Tom Asacker over at A Clear Eye points out that anyone in the design and marketing field should consider themselves a Choice Architect, as ultimately that’s our job: influencing consumer choice.
At my previous company I spent a lot of time trying to push viewpoints in a similar direction: ultimately we should be aiming to create preference for a brand, advocacy of that brand, and loyalty to that brand.
Seems obvious right? The problem was those attitudes and actions are a lot harder to measure than the traditional metric of awareness, which takes a single survey. Often agencies wouldn’t even bother with the survey, and just rely on metrics like reach and impressions. The problem is that measuring reach and impressions tells you very little, and awareness not much better. None of those things actually tell you what if any impact the marketing is actually having. I can be aware of the Ford brand, but it definitely doesn’t mean I prefer it, and the comments in this AdAge article really show the difference.
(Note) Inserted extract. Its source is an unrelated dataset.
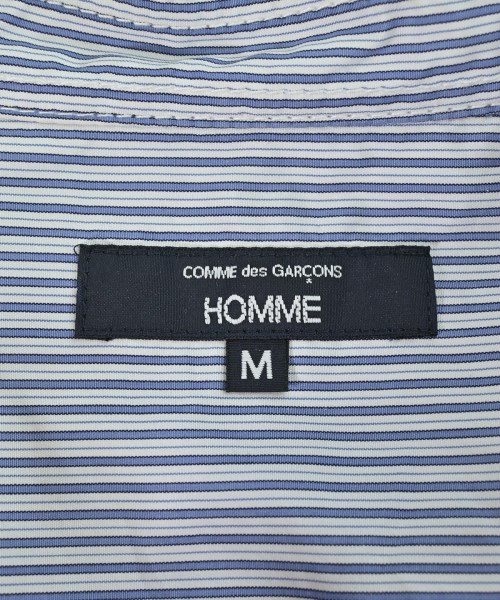 COMME des GARCONS HOMME（コムデギャルソンオム）カジュアルシャツ 青 サイズ:M メンズ/2200695301033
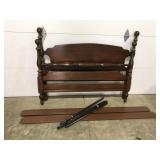 Wood bedframe full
For brands to be focused on awareness as a goal in and of itself seems like a colossal missed opportunity. Start from the place you want to end up, and then build your brand with that in mind. If you want people to advocate and continue to purchase your product over your competitors, then you need to look at providing a customer experience that is positive from start to finish. Marketing fits into that — it should add value to the customer somehow rather than just adding to the existing signal pollution like most ad campaigns still do.
If you start from the premise that all you want is for customers to be aware of your ad campaign, then don’t be surprised when that’s the sum total of the business impact you’ll have.